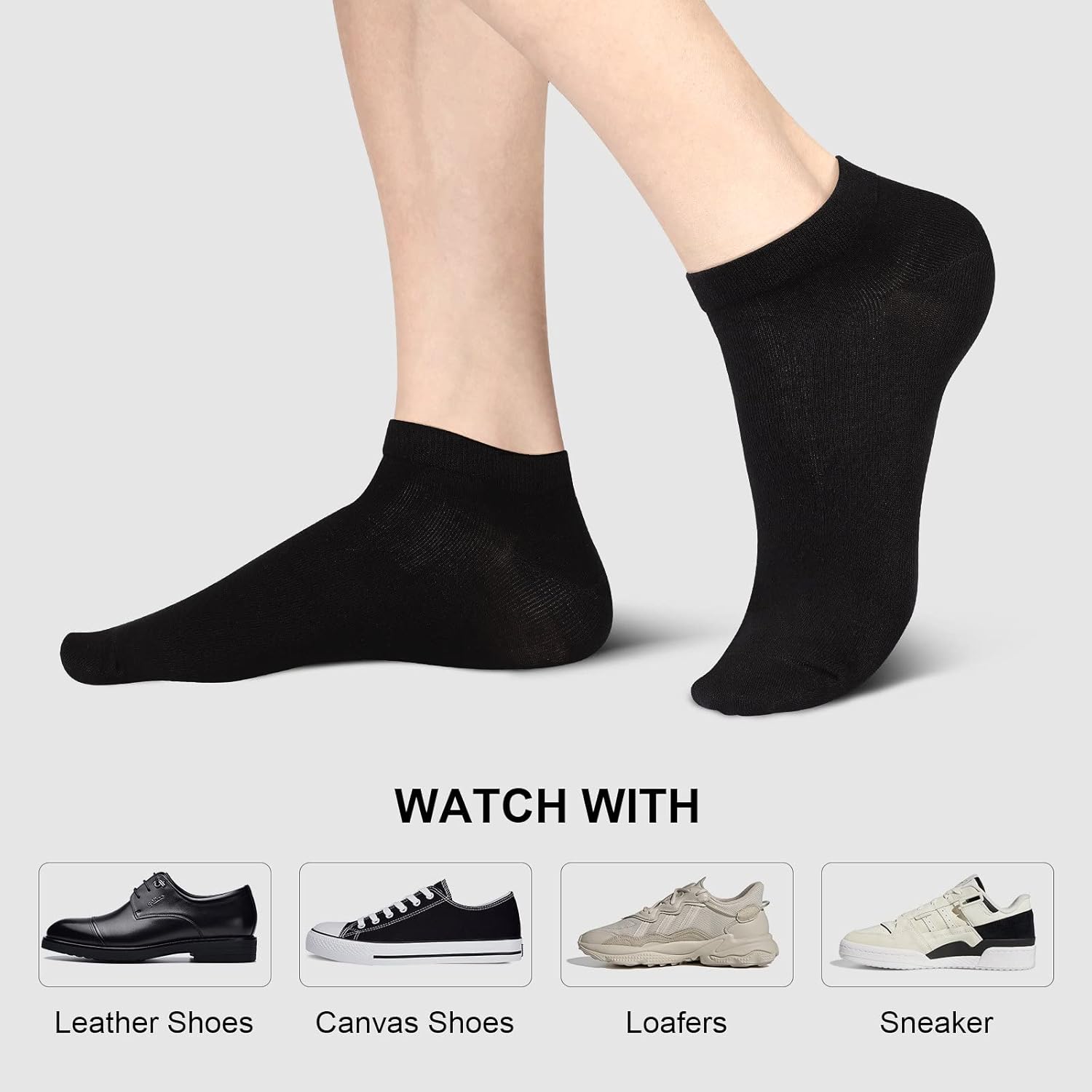 Wernies No-Show Socks for Men Comfortable Non-Slip Stylish Choice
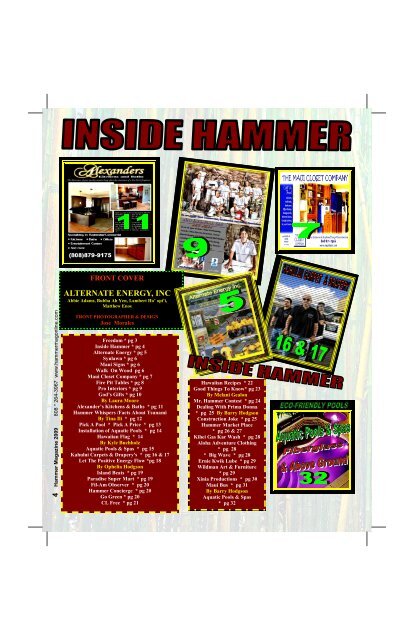 Hammer Jan. 2009 - Hammer Magazine Maui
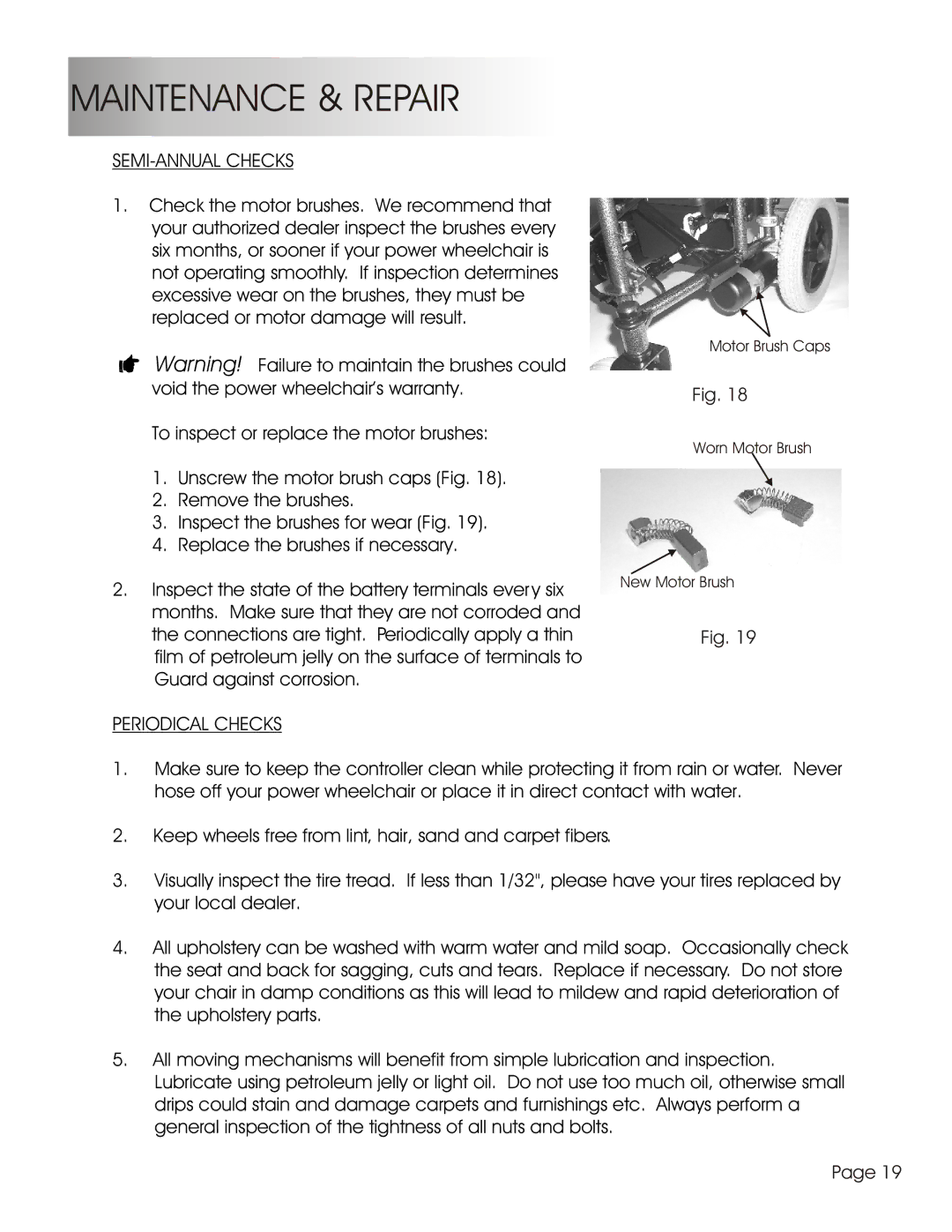 Summit HP-1L, HP-1S user manual SEMI-ANNUAL Checks, Periodical Checks 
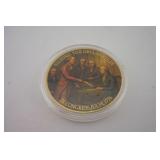 250TH ANNIVERSARY COMMEMORATIVE TOKEN - SIGNING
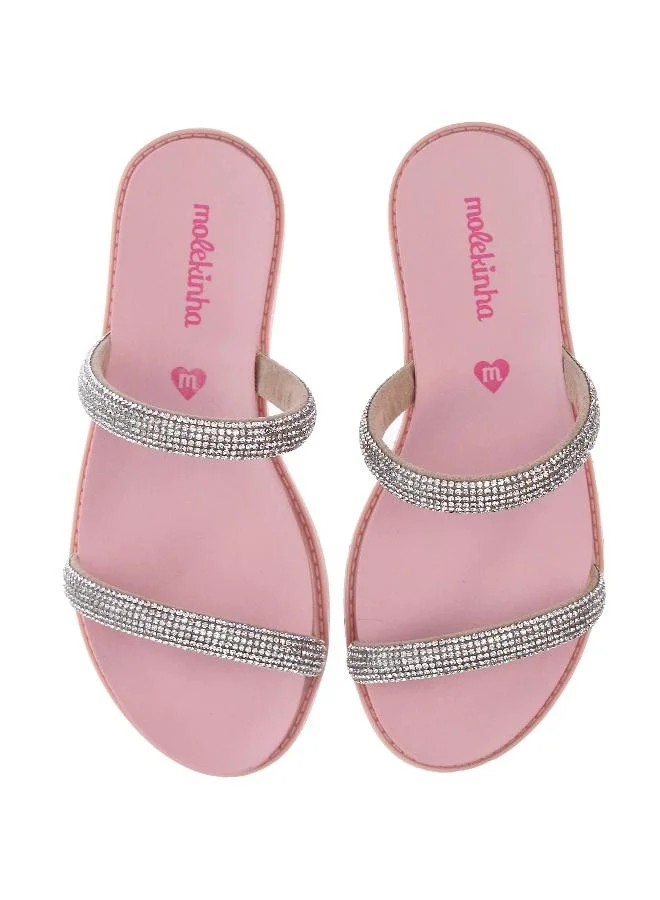 MOLEKINHA Slip-On Sandals for Girls – Comfortable Casual Sandals for Kids | Easy Wear Summer Shoes | Lightweight Footwear for Daily Wear, School, Travel & Outdoor Fun | Stylish Open-Toe Design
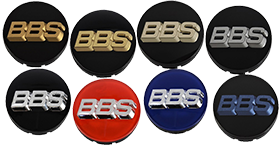 BBS CENTER CAP 70mm 3 TAB WHITE W/GOLD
----------
▶ _Exercise directions_:
Only an exact copy is wanted: the lines from the opening of the material through the line that has "250TH ANNIVERSARY COMMEMORATIVE", minus any pictures.

▶ _Written response_:
 Wernies No-Show Socks for Men Comfortable Non-Slip Stylish Choice
 Hammer Jan. 2009 - Hammer Magazine Maui
 Summit HP-1L, HP-1S user manual SEMI-ANNUAL Checks, Periodical Checks 
 250TH ANNIVERSARY COMMEMORATIVE TOKEN - SIGNING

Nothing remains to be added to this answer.